Problem statement –
Each line below must be reproduced exactly, though the pictures are to be dropped.

Records for the exercise –
▽

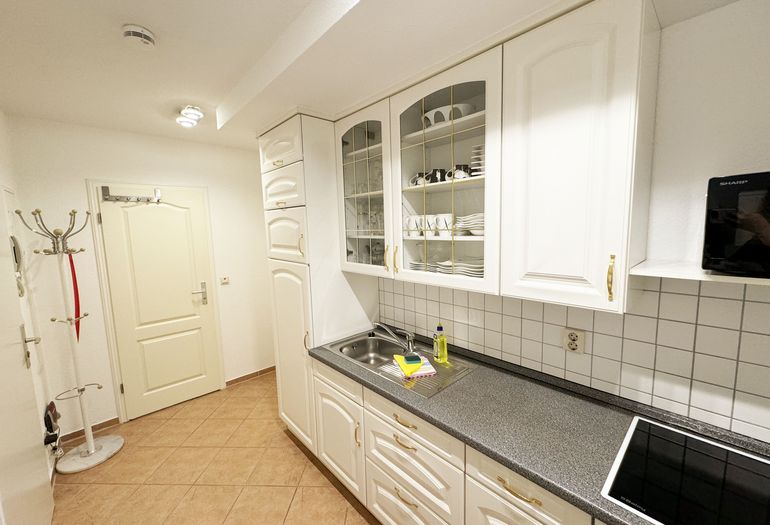 Küchenzeile mit Garderobe Küchenzeile mit Garderobe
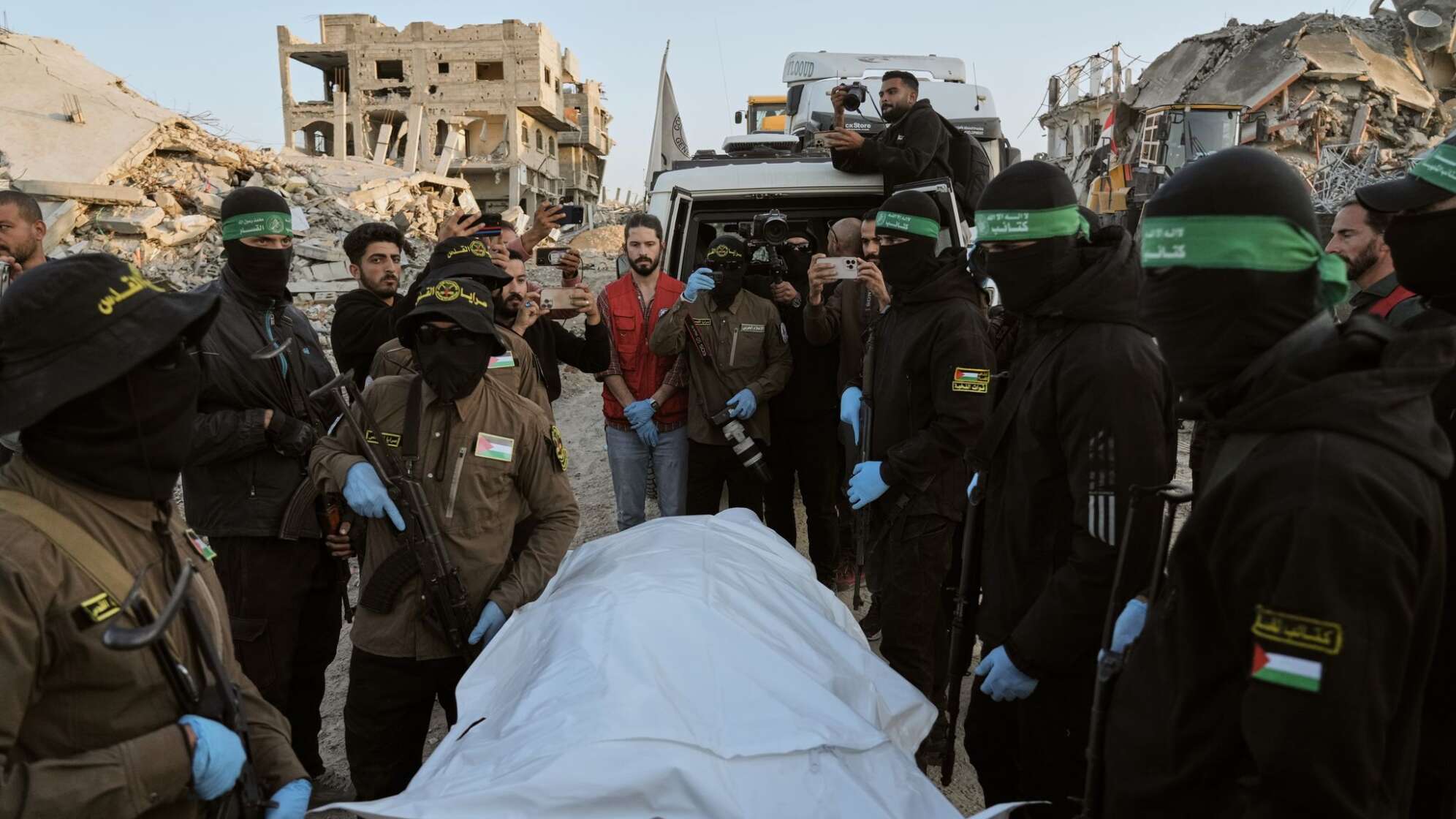 Der Islamische Dschihad und der Hamas übergeben eine Leiche.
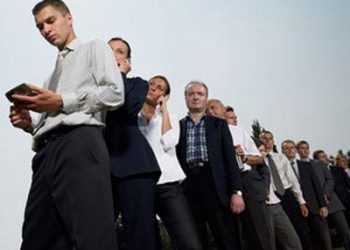 В Україні активніше за всіх шукають роботу топ-менеджери і юристи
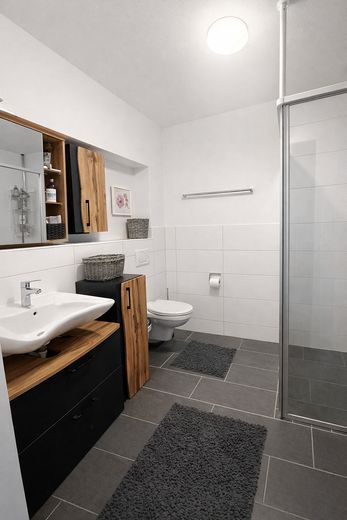 Barrierefreie 3,5-Zimmer Wohnung mit Balkon in Garitz – Foto 5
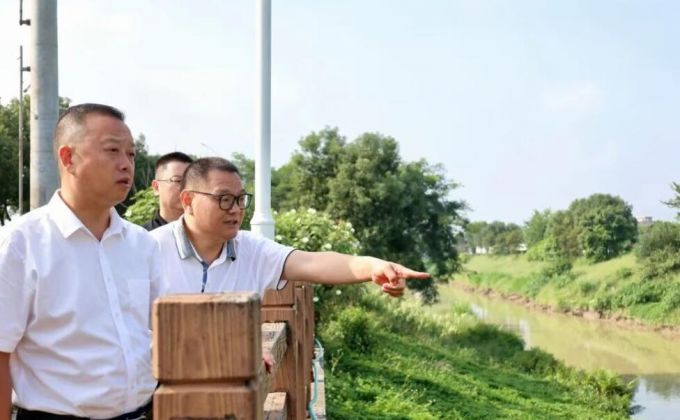 漳州高新区领导调研水质环保工作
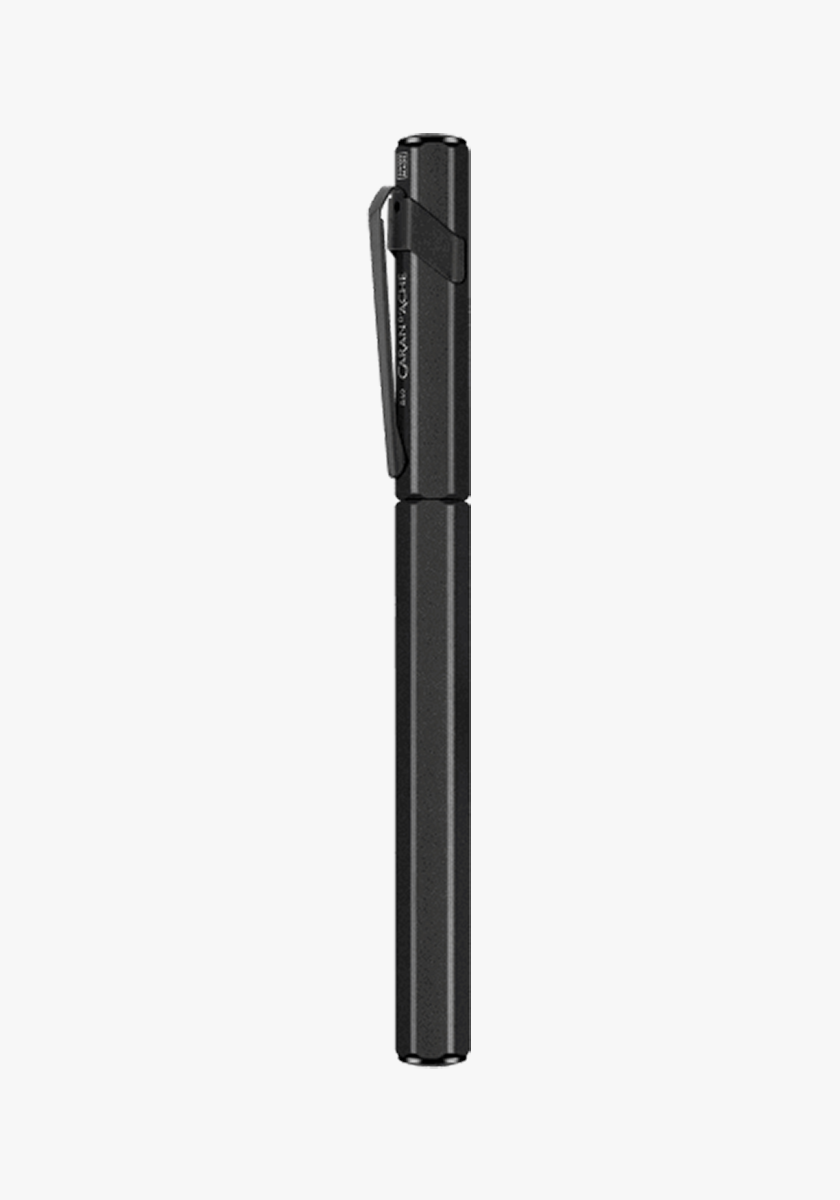 עט נובע יוקרתי שחור | Caran D'Ache 849 BLACK CODE Fountain Pen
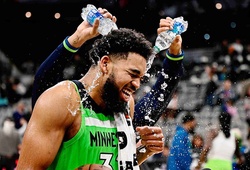Karl-Anthony Towns phá kỷ lục với trận đấu 60 điểm, tiến gần đến Playoffs cùng Timberwolves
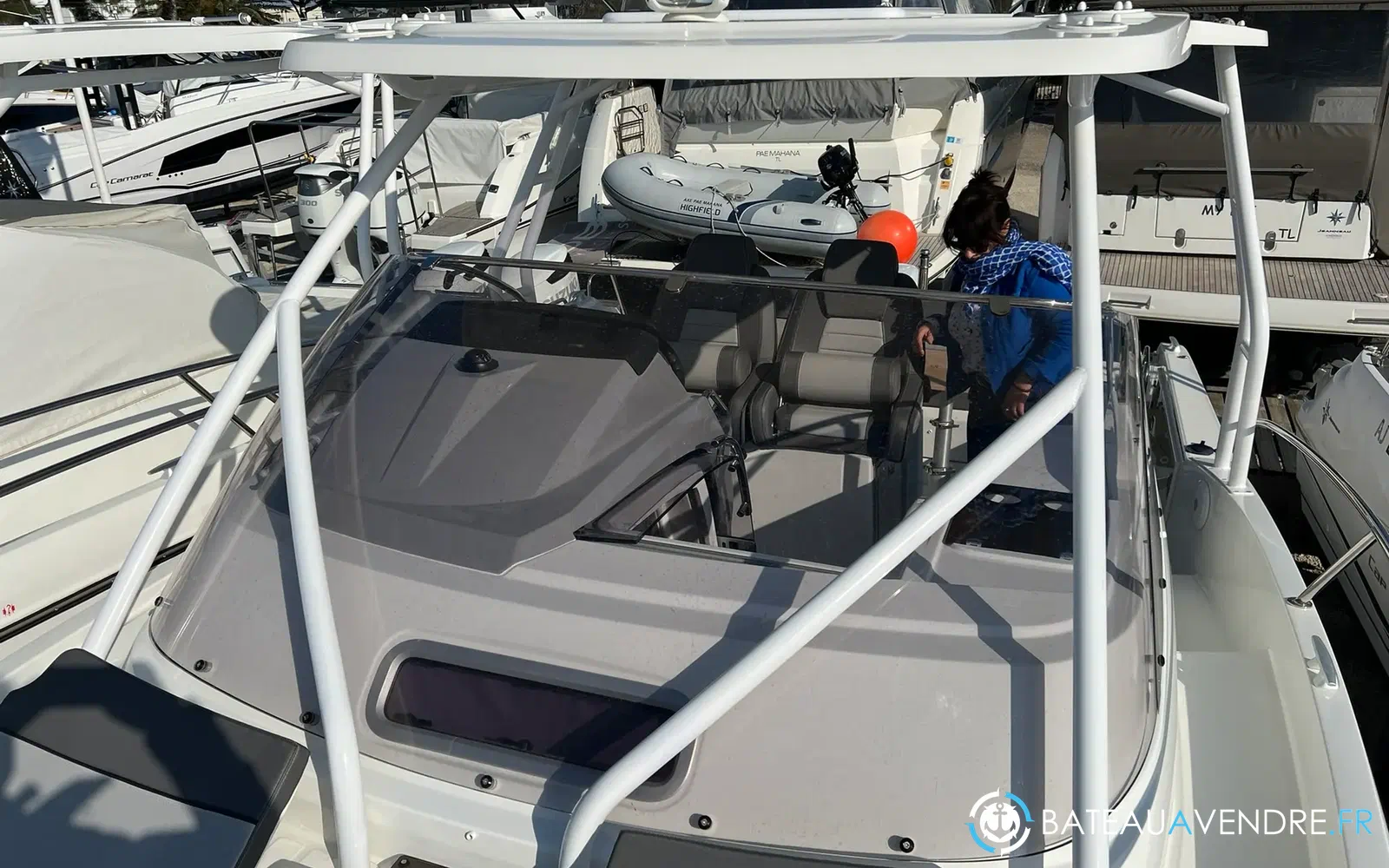 slider 3 Jeanneau Cap Camarat 9.0 WA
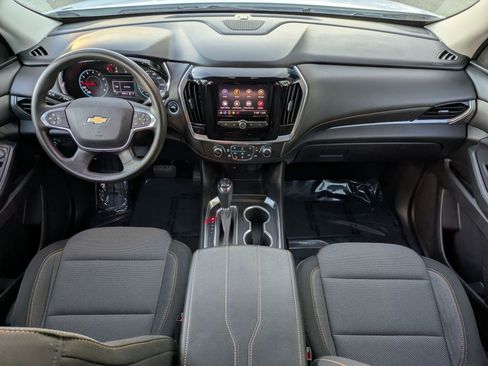 Used 2020 Chevrolet Traverse LS image 23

△

Exercise result –
 Küchenzeile mit Garderobe Küchenzeile mit Garderobe
 Der Islamische Dschihad und der Hamas übergeben eine Leiche.
 В Україні активніше за всіх шукають роботу топ-менеджери і юристи
 Barrierefreie 3,5-Zimmer Wohnung mit Balkon in Garitz – Foto 5
 漳州高新区领导调研水质环保工作
 עט נובע יוקרתי שחור | Caran D'Ache 849 BLACK CODE Fountain Pen
Karl-Anthony Towns phá kỷ lục với trận đấu 60 điểm, tiến gần đến Playoffs cùng Timberwolves
 slider 3 Jeanneau Cap Camarat 9.0 WA
 Used 2020 Chevrolet Traverse LS image 23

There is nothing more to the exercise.